'''
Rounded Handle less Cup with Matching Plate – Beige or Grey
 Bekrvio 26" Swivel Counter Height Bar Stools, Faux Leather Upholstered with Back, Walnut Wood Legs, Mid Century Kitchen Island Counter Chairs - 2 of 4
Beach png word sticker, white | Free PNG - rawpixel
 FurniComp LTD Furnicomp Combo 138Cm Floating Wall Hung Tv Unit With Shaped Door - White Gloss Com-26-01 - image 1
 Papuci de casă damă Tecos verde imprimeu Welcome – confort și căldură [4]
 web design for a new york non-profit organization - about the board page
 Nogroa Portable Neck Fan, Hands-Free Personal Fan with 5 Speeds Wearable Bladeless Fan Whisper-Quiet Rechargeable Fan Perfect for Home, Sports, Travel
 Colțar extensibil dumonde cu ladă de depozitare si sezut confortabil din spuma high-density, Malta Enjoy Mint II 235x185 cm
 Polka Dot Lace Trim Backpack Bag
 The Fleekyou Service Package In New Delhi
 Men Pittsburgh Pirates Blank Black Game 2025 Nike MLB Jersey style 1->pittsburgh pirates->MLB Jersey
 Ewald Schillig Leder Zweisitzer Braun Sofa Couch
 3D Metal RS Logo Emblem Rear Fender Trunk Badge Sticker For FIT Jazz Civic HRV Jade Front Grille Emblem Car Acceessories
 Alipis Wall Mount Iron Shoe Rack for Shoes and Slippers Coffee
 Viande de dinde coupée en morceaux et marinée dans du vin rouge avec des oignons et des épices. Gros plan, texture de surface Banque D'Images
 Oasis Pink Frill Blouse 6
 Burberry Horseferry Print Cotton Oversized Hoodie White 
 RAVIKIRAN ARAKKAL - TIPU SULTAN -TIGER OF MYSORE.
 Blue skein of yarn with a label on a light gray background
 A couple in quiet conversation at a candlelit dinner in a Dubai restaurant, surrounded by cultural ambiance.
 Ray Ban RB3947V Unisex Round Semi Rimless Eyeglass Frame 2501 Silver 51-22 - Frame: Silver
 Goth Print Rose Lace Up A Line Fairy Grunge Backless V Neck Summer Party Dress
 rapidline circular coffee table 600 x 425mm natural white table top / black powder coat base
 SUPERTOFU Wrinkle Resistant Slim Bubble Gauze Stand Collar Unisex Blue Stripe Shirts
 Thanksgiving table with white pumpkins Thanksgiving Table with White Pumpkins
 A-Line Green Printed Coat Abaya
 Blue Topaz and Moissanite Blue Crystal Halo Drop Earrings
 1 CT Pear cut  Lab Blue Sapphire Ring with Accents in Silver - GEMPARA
'''
→ **Assigned task**
Could you restate every entry verbatim, please?

→ **Answer for the task**
Rounded Handle less Cup with Matching Plate – Beige or Grey
 Bekrvio 26" Swivel Counter Height Bar Stools, Faux Leather Upholstered with Back, Walnut Wood Legs, Mid Century Kitchen Island Counter Chairs - 2 of 4
Beach png word sticker, white | Free PNG - rawpixel
 FurniComp LTD Furnicomp Combo 138Cm Floating Wall Hung Tv Unit With Shaped Door - White Gloss Com-26-01 - image 1
 Papuci de casă damă Tecos verde imprimeu Welcome – confort și căldură [4]
 web design for a new york non-profit organization - about the board page
 Nogroa Portable Neck Fan, Hands-Free Personal Fan with 5 Speeds Wearable Bladeless Fan Whisper-Quiet Rechargeable Fan Perfect for Home, Sports, Travel
 Colțar extensibil dumonde cu ladă de depozitare si sezut confortabil din spuma high-density, Malta Enjoy Mint II 235x185 cm
 Polka Dot Lace Trim Backpack Bag
 The Fleekyou Service Package In New Delhi
 Men Pittsburgh Pirates Blank Black Game 2025 Nike MLB Jersey style 1->pittsburgh pirates->MLB Jersey
 Ewald Schillig Leder Zweisitzer Braun Sofa Couch
 3D Metal RS Logo Emblem Rear Fender Trunk Badge Sticker For FIT Jazz Civic HRV Jade Front Grille Emblem Car Acceessories
 Alipis Wall Mount Iron Shoe Rack for Shoes and Slippers Coffee
 Viande de dinde coupée en morceaux et marinée dans du vin rouge avec des oignons et des épices. Gros plan, texture de surface Banque D'Images
 Oasis Pink Frill Blouse 6
 Burberry Horseferry Print Cotton Oversized Hoodie White 
 RAVIKIRAN ARAKKAL - TIPU SULTAN -TIGER OF MYSORE.
 Blue skein of yarn with a label on a light gray background
 A couple in quiet conversation at a candlelit dinner in a Dubai restaurant, surrounded by cultural ambiance.
 Ray Ban RB3947V Unisex Round Semi Rimless Eyeglass Frame 2501 Silver 51-22 - Frame: Silver
 Goth Print Rose Lace Up A Line Fairy Grunge Backless V Neck Summer Party Dress
 rapidline circular coffee table 600 x 425mm natural white table top / black powder coat base
 SUPERTOFU Wrinkle Resistant Slim Bubble Gauze Stand Collar Unisex Blue Stripe Shirts
 Thanksgiving table with white pumpkins Thanksgiving Table with White Pumpkins
 A-Line Green Printed Coat Abaya
 Blue Topaz and Moissanite Blue Crystal Halo Drop Earrings
 1 CT Pear cut  Lab Blue Sapphire Ring with Accents in Silver - GEMPARA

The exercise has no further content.